This book would not have been possible without a long list of educators and mentors. Beginning at West Point in the early 1990s, Colonel (Ret.) Frederick Black, Colonel (Ret.) Robert Gordon III, Colonel (Ret.) Jay Parker, and Major Dana Isaacoff each challenged me to think critically about the institution I was about to enter. At Columbia University I had the great fortune of working with Robert Shapiro, the rare professor who is both a first-rate scholar and a tremendous teacher. I was also fortunate that Robert Erikson, Erik Gartzke, Colonel Michael Meese, and Allan Silver all agreed to be on my dissertation committee. This work has benefited tremendously from their suggestions and insights. Thanks also to Ira Katznelson for reviewing early outlines of this research as part of his seminar at Columbia and for putting me in touch with Princeton University Press. Chuck Myers at Princeton put together a great review and production team, including Ole Holsti and an anonymous reviewer, who provided a wealth of constructive suggestions.
Gary Langer at ABC and Mark Blumenthal at Pollster.com were gracious enough to air some of my findings as the research progressed, and I am thankful for the opportunity as well as for their perspectives on public opinion polling generally. Peter Scoblic at The New Republic was extraordinarily helpful in distilling this research for a larger audience.
This research was made possible through the financial backing of the Tomás Rivera Policy Institute; I am grateful to Rodolfo O. de la Garza for his initial support. I would also like to thank the Eisenhower Foundation for fellowship support during the final phases of this project. Additional funding was provided by the Academic Research Division of the United States Military Academy. Support at Columbia came from the Saltzman Institute for War and Peace Studies, the School of Arts and Sciences, and the Institute for Social and Economic Research and Policy.
For assistance in coding and managing the survey mailings, I am indebted to Jo May at West Point as well as fellow students John Delano, Sam Dryzmala, Mat Krogulecki, Marty Lachter, and Yoshiko Toriumi. Thanks also to Jeffrey Herman, Sue Zayac, and Jay Goodwin for their computing assistance and to Doug Gallagher for his work on the online surveys. Major B. J. Bailey was an exceptional help in assisting with some of the printing tasks. The research would not have been possible without the data-management wizardry of Major Marc Wehmeyer and Luke Gallagher. I am also grateful for the support of Major David Lyle and Colonel Casey Wardynski, who, as economists, were probably ashamed to be associated with such pedestrian research on attitudes
but were nonetheless tolerant of my efforts.

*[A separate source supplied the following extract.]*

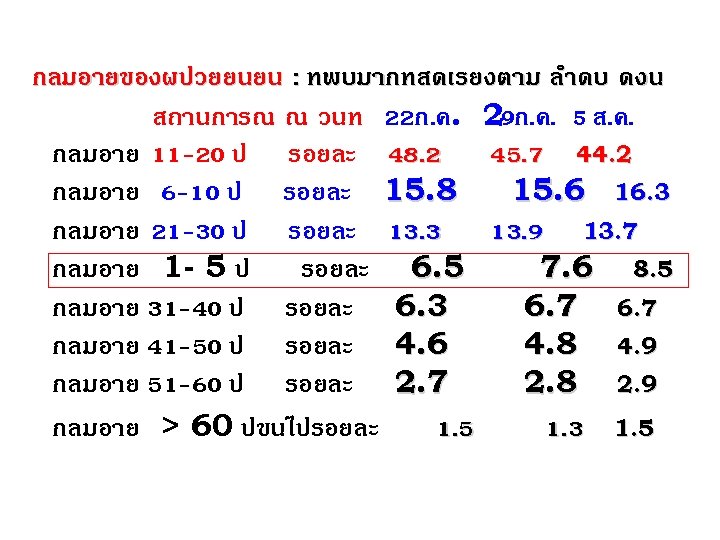 กลมอายของผปวยยนยน : ทพบมากทสดเรยงตาม ลำดบ ดงน สถานการณ ณ วนท 22ก. ค. 29ก. ค. 5 ส.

For supporting this research through the approval process and creating a great working environment, I am indebted to Brigadier General (Ret.) Daniel Kaufman and Brigadier General (Ret.) Russell Howard, as well as the rest of the faculty of the Department of Social Sciences at the United States Military Academy. Particularly I want to thank an exceptional community of scholars of civil-military relations including Colonel (Ret.) Don Snider, Lieutenant Colonels Isaiah Wilson III and Suzanne Nielsen, and Major Darrell Driver. Colonel (Ret.) Don Connelly deserves credit as the torchbearer for the study of civil-military relations at the army’s Command and General Staff College. I also thank Elizabeth Samet in the Department of English for taking an interest in the research on cadets and offering her insights into life at West Point. All of these officers and scholars have helped make this a better manuscript.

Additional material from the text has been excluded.